The National Catholic Review

A reading from the letter of Paul to... began the lector; but instead of following St. Paul’s epistle, I opened the parish bulletin and read, once again, a mother’s letter of gratitude to her fellow parishioners and the outreach program they support. The woman was not a single mom, but a mother who suddenly found herself with the heavy responsibility of supporting herself and her children when her spouse chose to abdicate his role as father and husband. With no job and no money, without food for herself and her children, without even diapers for her baby, she had come to the church and asked for assistance. Outreach had fed her family, provided sneakers and school supplies for her children through its back-to-school program, and placed gifts under their tree at Christmas through the promised gift program.

My son tugged at my sleeve. What is Jesus saying about a basket? I realized that we were standing and that the Gospel was being read. I’ll explain later, I whispered. I tried to focus on the homily, but noticed that my son was looking at the people seated nearby, then back at me. What is Father saying about a light under a basket? Then I understood his perplexity. He wanted to know what in the Gospel was causing me, and me alone, to cry. We’ll talk at home, I told him.

I wiped my eyes and returned to the woman’s letter, for her story was, in a way, my story. Like me, she was in a free-fall from the married state and a middle-class existence into a state of fear, uncertainty and an overwhelming feeling of powerlessness.

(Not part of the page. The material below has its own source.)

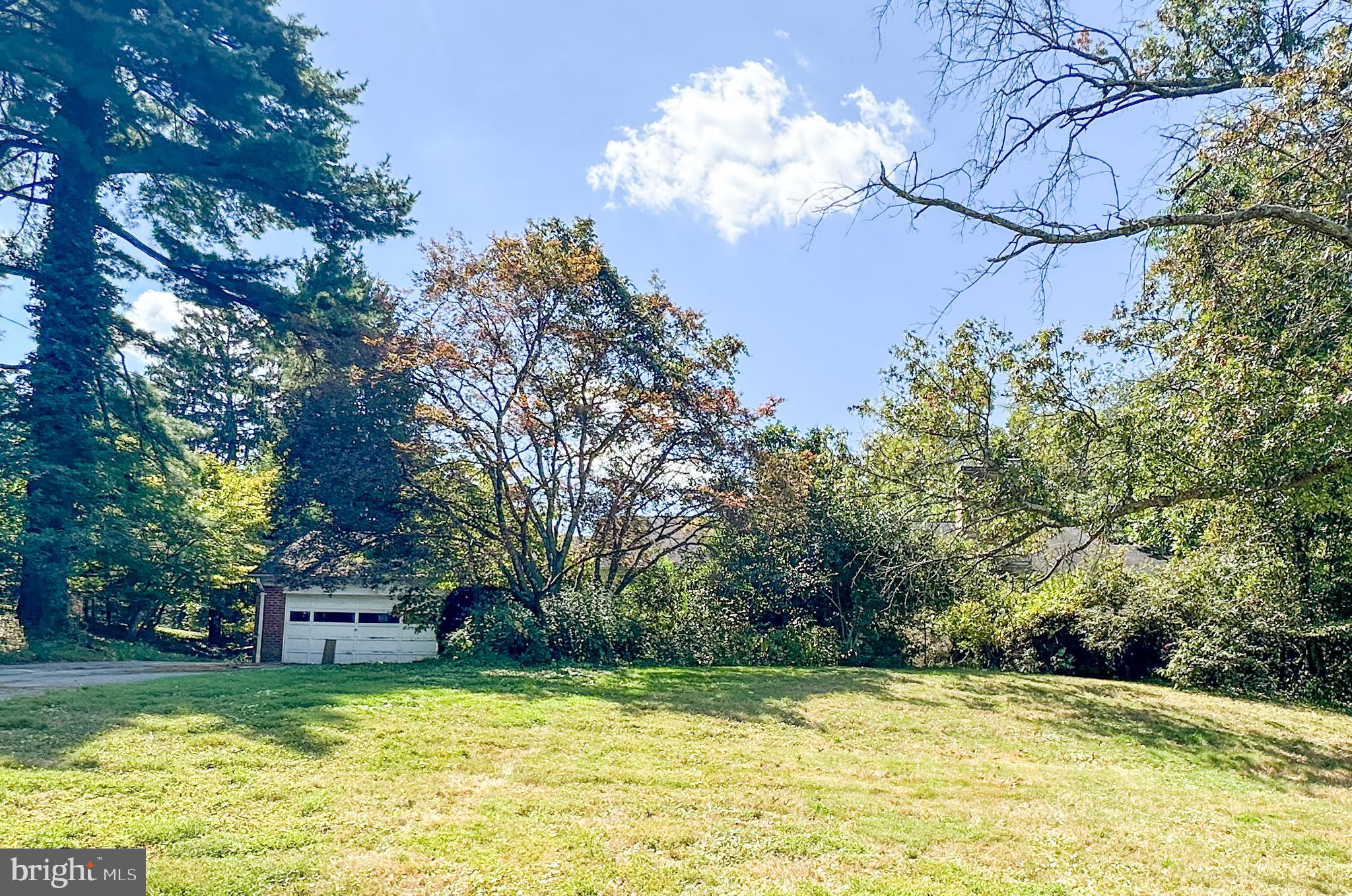 9223 ROSEMONT DRIVE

Suffice it to say that I filed for an order of protection to save my life, and for a divorce to save my soul. How many Sundays had I spied outreach’s food collection bin when I entered the church and knew that with my new job and old skills, I was one paycheck away from outreach. But now I saw the difference between one paycheck and none: that paycheck gave me the power to take care of myself and my son and empowered me to help others. I vowed that I would somehow manage to increase my weekly donation by a dollar or two so that outreach could continue to serve families in need.

When we got home, I reached for the New Testament and wondered how I could explain the Gospel to a childa child whom society labels mentally retardedwhen the words of Jesus confounded even the Apostles. I opened to Mt. 5:14-16: You are the light of the world. A city seated on a mountain cannot be hid. Neither do men light a candle and put it under a bushel, but upon a candlestick, that it may shine to all that are in the house. So let your light shine before men, that they may see your good works, and glorify your Father who is in heaven.

That it may shine to all that are in the house, that they may see your good works. That was not how I had learned, as a child, to practice charity. I was taught that for an act of charity to be acceptable to God it must remain hidden, private, lest we become boastful and commit a sin of pride, thereby negating the value of the original act. But that’s not what Jesus was saying; and while I believed that my vow to increase my donation to outreach was pleasing to God because it was given from sustenance, not surplus, I realized that although I was practicing charity, I was not teaching it. I’ve been a mother long enough to know that a child learns moral, ethical and, yes, spiritual values not just by word, but by example.

I summoned my son to my side. I know you’re wondering why I was crying during the Gospel today, so I want you to listen to this letter in today’s bulletin. When I finished the letter, I read the passage from Matthew. We’re going through difficult times now, I explained to him, but you can see from the letter that I’m not the only mother in the parish experiencing problems, nor are you the only child in the parish who has it rough. I was able to get a job because you’re old enough to go to school and take care of yourself, but this mother has small children, and even a baby in her arms, and that’s why she turned to outreach for help. I know that last winter we barely had money for groceries; but things are a little better now, and so I promised God that I would put an extra dollar or two in the collection to help people like this mother and her children.

Solemnly, he nodded in agreement. But after reading what Jesus said about not hiding a good deed under a bushel, I’ve decided to give the money to you. His eyes brightened. We can’t do much, but we can afford to buy one meal for someone each week, so when we go grocery shopping you have to find something....

Like what? he interrupted.

A can of soup, a box of macaroni, peanut butter, tuna fish, anything that makes a meal. Then on Sunday morning you’ll bring it to church, put it in the outreach bin, and you will know that because of your efforts some child in the parish will not have to go to bed hungry.

I noted his eagerness during the ensuing weeks, but couldn’t help wondering if his enthusiasm would wane. Just the opposite was true, however. He began checking the supermarket advertisements each week, and discovered, for instance, that he could get three boxes of macaroni on sale for the regular price of one. Then he began clipping coupons. Now he found that not only could he get three boxes of macaroni on sale, but by using a coupon, could also get a jar of tomato sauce to go with the pasta. He came into his own, however, with the advent of double coupons.

On a recent Sunday morning, as I watched my son struggle to carry the shopping bag with a large bottle of juice he’d gotten on sale and three boxes of cereal he’d gotten free with double coupons, I thought of the bushel that Jesus spoke of. Christopher has taken that basket, turned it over and filled it to abundance.